Search code examples
cachinglanguage-agnosticprogramming-languages

Questions about cache


I have always wondered how i can control what is cached into the memory.

I always thought it was not possible to do with c++ atleast.

Until one day when a person told me not to include lua scripts in c++ application because it "...is notorious for completely ruining your cache...".

That got me thinking , is there anyway in c++ or any other compiled language to control what your program caches in memory.Because if lua can modify my cache performance, then why can't I.

If so,

i. Is it Architecture dependent or OS dependent ?

ii. Can you access what is in the cache or what is cached?.

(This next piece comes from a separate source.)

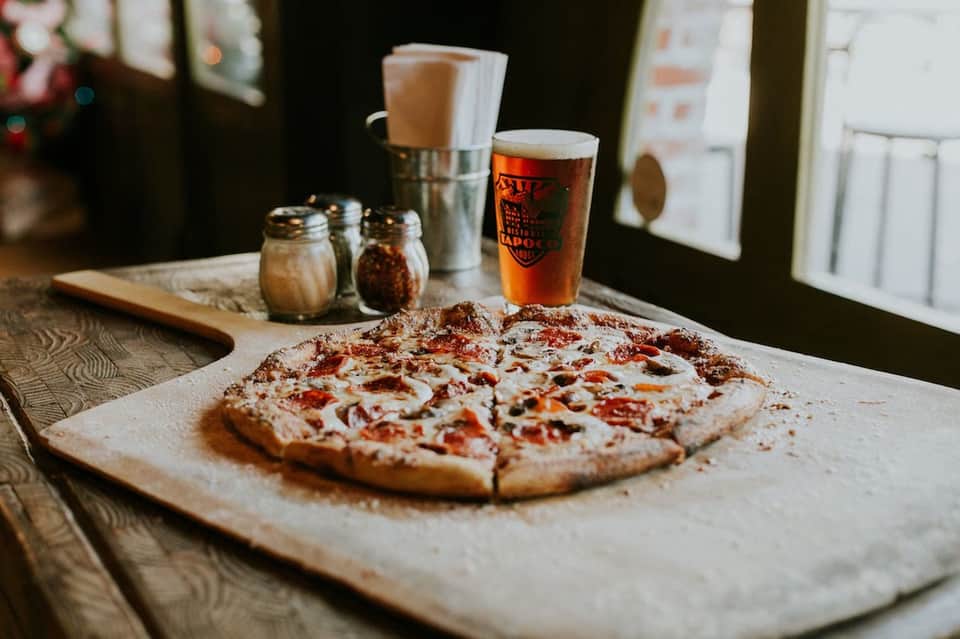 Pizza and beer served on wooden table with salt and pepper shakers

Just to be Clear i am talking about CPU cache.


Solution

  • The CPU will cache all the data it needs and because its size is limited when it has to load something new it will drop anything that was the least recently used.

    Basically you don't have direct control over it, but indirectly you have some:

    What you have to know is that CPUs use cache lines. Each cache line is a small block of memory.

    So if the CPU needs some data it will fetch the whole block. So, if you have some data that is very frequently used and would normally be scattered in the memory you can put it for example inside a struct so the the effective usage of the CPU cache will better (you cache less things that aren't really needed). Note: 99.99% of the time you don't need these kind of optimizations.

    A more useful example is walking through a 2d array that doesn't fit into cache. If you walk it linearly you will load each cache line once, process it and some point later the CPU will drop it. If you use the indexes the wrong way each cache line will be loaded multiple times and because main memory access is slow, your code will be a lot slower. CPU can also do better prefetching if you walk linearly (direction doesn't matter).

    Cache peformance can also be ruined by calling some external library which needs a lot of data and/or code so you main program+data will be dropped from the caches and when the call finishes the CPU has to load it again.

    If you do heavy optimizations and want to know how you utilize the L1/L2/.. cache you can do simulations. Valgrind has an excellent module called Cachegrind which does exactly that.